ご無沙汰してしまいました。
秋以降、試写室や映画館、
そして映画祭でさまざまな映画と出会ったのに。
また折にふれてそれらについても書いていきます。

 

さて、新しい年を迎えて一本目はブラジル映画『名前のない少年、脚のない少女』でした。
まず思ったのはよくぞこの映画を買ってくれましたということ。

主人公は「ささやかな夢を抱いた人々」が住むブラジルの田舎町の少年。
ネットに「ミスター・タンブリンマン」のハンドルネームで自作の詩を投稿して都会に住むチャットの相手と話し、またネット上に公開されているいかにも生命力の薄い美少女の写真や動画を見るのが日常。
自分のエネルギーをどこへもぶつけられず、この町を出たくても出られない、たとえ出たとしてもその先に何かが拓けてくるという未来さえ信じられない少年の不毛な焦燥感。
監督はティーンエイジャーのその生の心情にどこまでも寄り添い、映像と音楽だけで時間も空間も変幻自在に飛び越える、まさに映画というジャンルでしか描き得ない世界観を徹底的に描いているのです。

 

喪失感と絶望でしか結ばれていない友だちとの関係や、彼にとって絶望の象徴であり、同時にある種の神秘性を持った青年との関係が次第に明らかになっていくけれど、だからといって何も変わらない現実。
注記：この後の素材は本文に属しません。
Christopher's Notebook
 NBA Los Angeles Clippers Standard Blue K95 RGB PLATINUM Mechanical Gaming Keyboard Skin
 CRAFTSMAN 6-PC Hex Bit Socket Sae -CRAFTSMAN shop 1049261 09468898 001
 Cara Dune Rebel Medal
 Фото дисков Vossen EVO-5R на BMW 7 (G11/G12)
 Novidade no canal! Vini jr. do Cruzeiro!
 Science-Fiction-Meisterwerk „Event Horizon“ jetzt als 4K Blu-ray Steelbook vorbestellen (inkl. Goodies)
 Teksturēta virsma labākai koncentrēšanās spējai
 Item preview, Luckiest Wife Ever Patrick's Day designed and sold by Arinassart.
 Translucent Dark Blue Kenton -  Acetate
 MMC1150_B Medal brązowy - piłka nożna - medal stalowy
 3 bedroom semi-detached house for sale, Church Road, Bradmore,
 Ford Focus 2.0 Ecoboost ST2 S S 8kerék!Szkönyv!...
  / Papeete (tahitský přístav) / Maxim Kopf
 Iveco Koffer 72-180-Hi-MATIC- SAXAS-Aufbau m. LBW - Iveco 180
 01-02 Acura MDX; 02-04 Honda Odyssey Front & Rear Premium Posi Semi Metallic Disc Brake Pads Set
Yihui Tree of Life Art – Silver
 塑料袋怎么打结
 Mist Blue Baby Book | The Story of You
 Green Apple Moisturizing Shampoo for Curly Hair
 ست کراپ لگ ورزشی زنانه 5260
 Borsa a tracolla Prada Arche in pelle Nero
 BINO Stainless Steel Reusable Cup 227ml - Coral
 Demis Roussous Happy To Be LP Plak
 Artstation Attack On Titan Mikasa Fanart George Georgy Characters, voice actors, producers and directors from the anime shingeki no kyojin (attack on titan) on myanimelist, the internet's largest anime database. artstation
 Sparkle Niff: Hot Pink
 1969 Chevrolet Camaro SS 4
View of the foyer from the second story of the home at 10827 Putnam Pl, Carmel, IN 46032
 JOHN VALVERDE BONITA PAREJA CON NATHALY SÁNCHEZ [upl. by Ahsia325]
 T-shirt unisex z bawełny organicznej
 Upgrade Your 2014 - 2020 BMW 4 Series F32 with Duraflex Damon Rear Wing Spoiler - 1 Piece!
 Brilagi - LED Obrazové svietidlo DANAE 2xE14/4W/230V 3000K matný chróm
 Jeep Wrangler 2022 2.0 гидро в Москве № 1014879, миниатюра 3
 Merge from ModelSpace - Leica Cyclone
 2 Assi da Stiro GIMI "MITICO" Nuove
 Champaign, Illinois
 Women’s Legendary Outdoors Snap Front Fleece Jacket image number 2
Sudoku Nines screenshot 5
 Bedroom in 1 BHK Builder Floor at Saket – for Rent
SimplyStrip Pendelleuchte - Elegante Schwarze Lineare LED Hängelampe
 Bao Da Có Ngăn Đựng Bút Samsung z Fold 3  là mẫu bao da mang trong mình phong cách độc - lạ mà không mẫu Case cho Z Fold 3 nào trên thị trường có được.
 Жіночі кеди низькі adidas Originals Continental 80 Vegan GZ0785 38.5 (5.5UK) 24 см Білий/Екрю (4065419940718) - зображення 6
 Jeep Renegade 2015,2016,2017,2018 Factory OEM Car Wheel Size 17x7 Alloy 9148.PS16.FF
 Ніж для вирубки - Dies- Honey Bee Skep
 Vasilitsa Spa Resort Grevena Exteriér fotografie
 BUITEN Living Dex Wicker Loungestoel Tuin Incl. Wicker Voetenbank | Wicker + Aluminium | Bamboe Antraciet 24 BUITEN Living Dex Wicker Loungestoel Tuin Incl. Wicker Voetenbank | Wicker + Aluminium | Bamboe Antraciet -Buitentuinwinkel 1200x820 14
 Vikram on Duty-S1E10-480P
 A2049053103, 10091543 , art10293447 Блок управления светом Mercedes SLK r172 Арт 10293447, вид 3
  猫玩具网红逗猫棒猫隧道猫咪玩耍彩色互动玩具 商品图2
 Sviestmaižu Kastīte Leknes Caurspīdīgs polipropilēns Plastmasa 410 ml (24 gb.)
そう易々とは動いていかないストーリー。

 

この作品はいまの多くの人たちが映画だと思っているその枠からは明らかに外れています。
だからこそ、「よくぞ…」と思ったわけです。
折しもシネセゾンの閉館というニュースが飛び込んできましたし。
国の勢いが衰えたからか、最近の若者は冒険心が薄れてしまっていると言われています。
その彼らはヨーロッパやアメリカ、アジアへ旅をしたいと思わないだけでなく、映画もハリウッドのものでさえ行かないらしいのです。
彼らがこの作品をどう見るのか。
いい作品だけどみんな見に行ってくれるのかしら…そう心配してしまうのが悔しい。

 

試写室を出て食事を済ませて街を歩きながら、自分の子どもの頃に思いを馳せました。
私は小さい頃ひどい乗り物酔いに悩まされていました。
中学生になった頃から次第に克服できたのに、時折不調に見舞われると真っ先に
「ああ、こんなことではまだ見たことのない広い世界へ行くのは無理だ、飛行機に10時間以上も乗るなんて…」
と暗澹たる気持ちになったものです。
日曜の朝『兼高かおる世界の旅』を見ていたからそう刷り込まれたのではなく、大人になったら自分が見たいと思ういろんな世界を見てやろうと無意識に思っていたのでしょう。

 

ふとこの『名前のない少年、脚のない少女』は20代の人たちよりもミドルティーンやハイティーンの子たちが見るといいなと思いました。
映画というものが意識の中で確立されていない(ある意味毒されていない)彼らにこそ、この映画はすうっと受け入れられるのではないかと。
そうしてまた映画というものの可能性を信じている監督たちがマーケティングに縛られない映画作りに打ち込める余白が広がるように願わずにはいられません。

 

あ、でもこれを読んだ方の中には「よおし、見に行こうじゃあないか!」という方もいらっしゃると思います。
是非そうしてください。
この作品は思春期から青年期に移るときの不安定なあの感じを思い出して目眩がします。
胸が苦しくなります。
そういう生の感情に出会える稀有な作品です。